Yargıtay 8. Hukuk Dairesinin vermiş olduğu emsal bir kararında: “…5.000,00 TL’nin vekil edeni tarafından İmar Bankasında değerlendirilen para olup … kişisel malların gelirleri de edinilmiş mal sayıldığından, değerlendirilen paranın getirisi de bu nedenle edinilmiş mal olup, hesaplamada göz önünde bulundurulması gerekmektedir…”

Yargıtay 8. Hukuk Dairesinin vermiş olduğu emsal bir kararında: “…Davalı adına kayıtlı olan işyeri, taraflar arasında mal ayrılığının geçerli olduğu dönemde alınmış olup, bu işyeri edinilmiş mallara katılma rejiminde davalının kişisel malıdır. Bu işyerinin 1.1.2002′den sonraki geliri ise edinilmiş maldır ( TMK.219/3 )…”

Yargıtay 8. Hukuk Dairesinin vermiş olduğu emsal bir kararında: “…kadının hissedarı olduğu şirketten dağıtılmamış kâr payından kadına düşen ve katılma alacağı hesabına konu miktarın 102.695 TL. ve yarısının 51.347,50 TL olduğu … katılma alacağı bulunduğu görülmektedir….”

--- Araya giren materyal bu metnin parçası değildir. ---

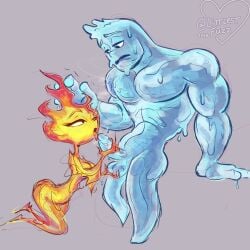 2024 absurd_res ass balls blue_body breasts canon_couple curvy_female curvy_humanoid digital_drawing_(artwork) digital_media_(artwork) disney dripping duo elemental_(pixar) elemental_creature elemental_humanoid ember_lumen erection fellatio female fire fire_creature fire_humanoid flaming_hair genitals glans grey_background hi_res holding_balls holding_penis hover_hand humanoid humanoid_genitalia humanoid_penis kneeling_oral_position licking lidded_eyes liquid_hair littlestfuzz looking_at_another looking_at_partner male male/female muscular muscular_humanoid muscular_male not_furry nude open_mouth oral penile penis penis_lick pixar pseudo_hair red_body seductive sex simple_background standing standing_sex steam tongue tongue_out wade_ripple water water_creature water_humanoid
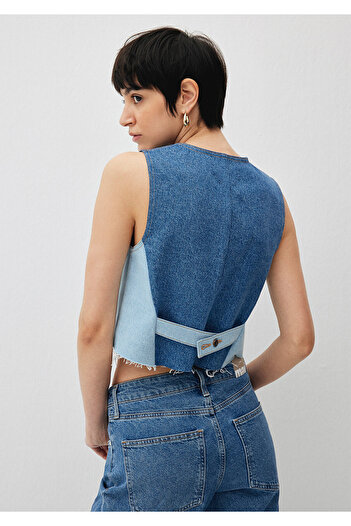 Mavi Peony Blocking Upcycle Jean Vest Crop / Croială scurtă 1110515 -88165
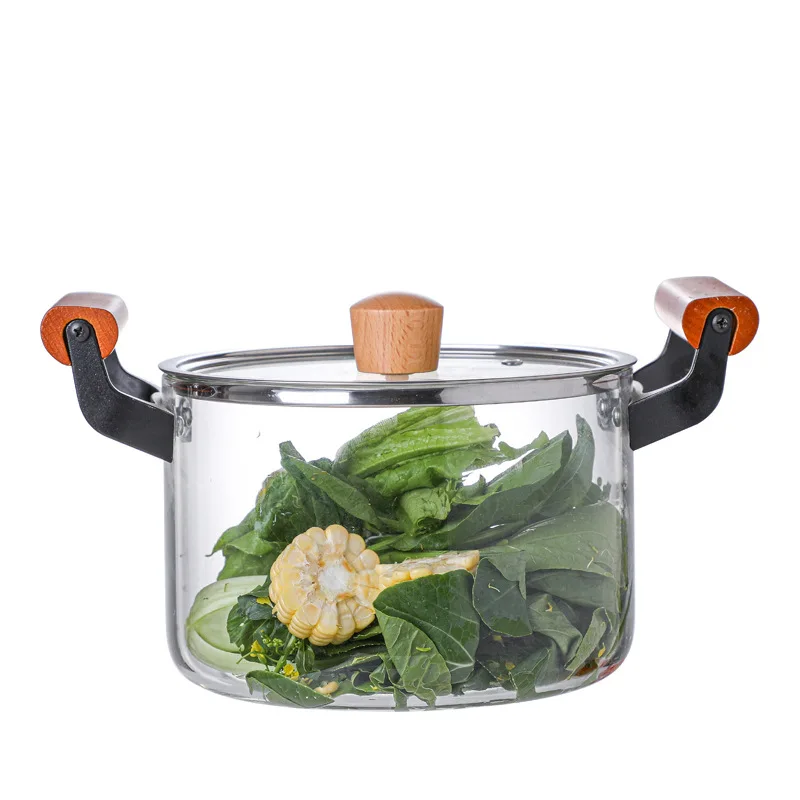 High Borosilicate Glass Cooking Pots In Glass To Cook Glass Pan With Wooden  Handle - Buy High Borosilicate Glass Cooking Pots In Glass To Cook Glass Pan  With Wooden Handle Product on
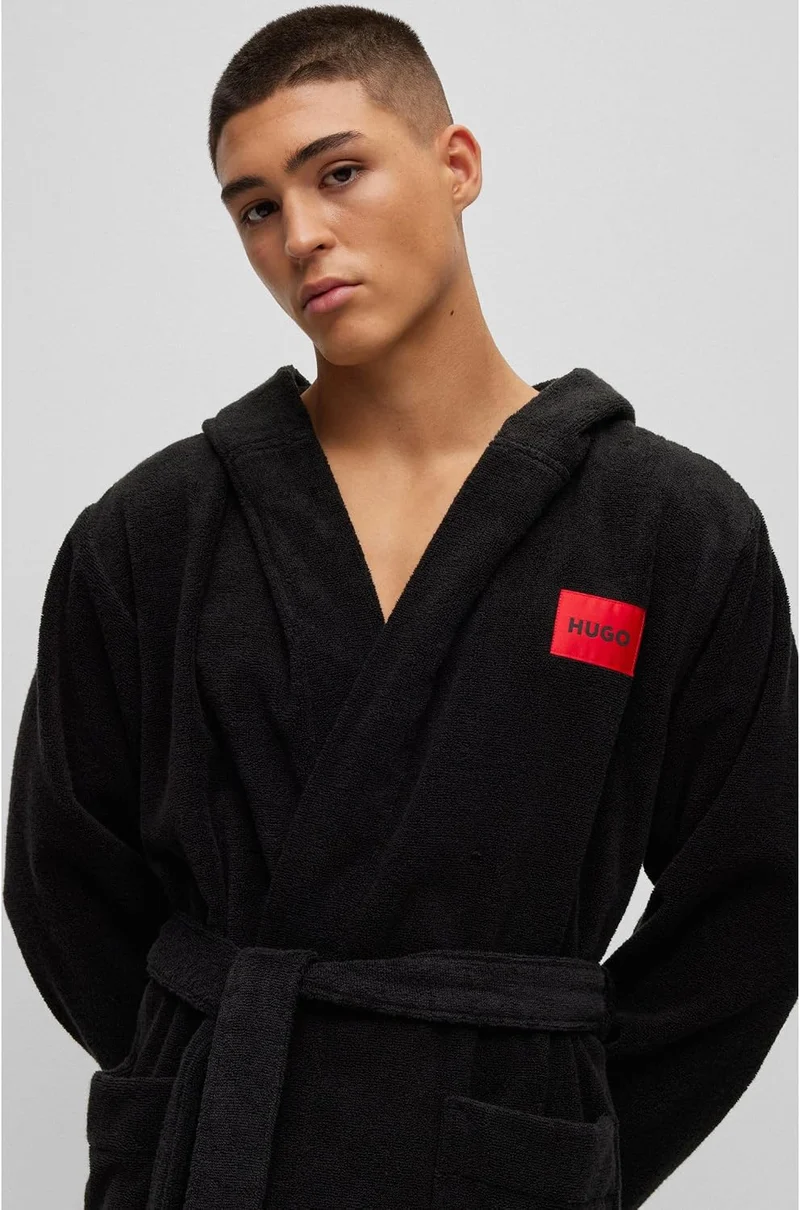 HUGO Herren Terry Gown Hooded Morgenmantel aus Baumwoll-Terry mit Kapuze und rotem Logo-Etikett M Bl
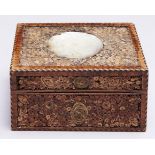 A George IV mahogany and quilled paper box and cover, c1800,  with barber pole stringing, 12cm l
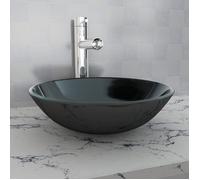 vidaXL Lavabo Verre Trempé Noir Lavabo Vasque Evier à Poser Salle de Bain 142231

Gerek kanun hükmü gerek ise emsal kararlarda görüleceği üzere, evlilik birliği içinde kişisel mal olarak var olmuş veya halen var olan malların getirilerinin, kişisel maldan bağımsız bir şekilde edinilmiş mal olduklarını önemle belirtmek gerekmektedir. Bu sebeple tasfiye sürecinde sürprizlerle karşılaşmamak ve haklarını doğru belirlemek isteyen tarafların  hukuki destek almasında fayda vardır.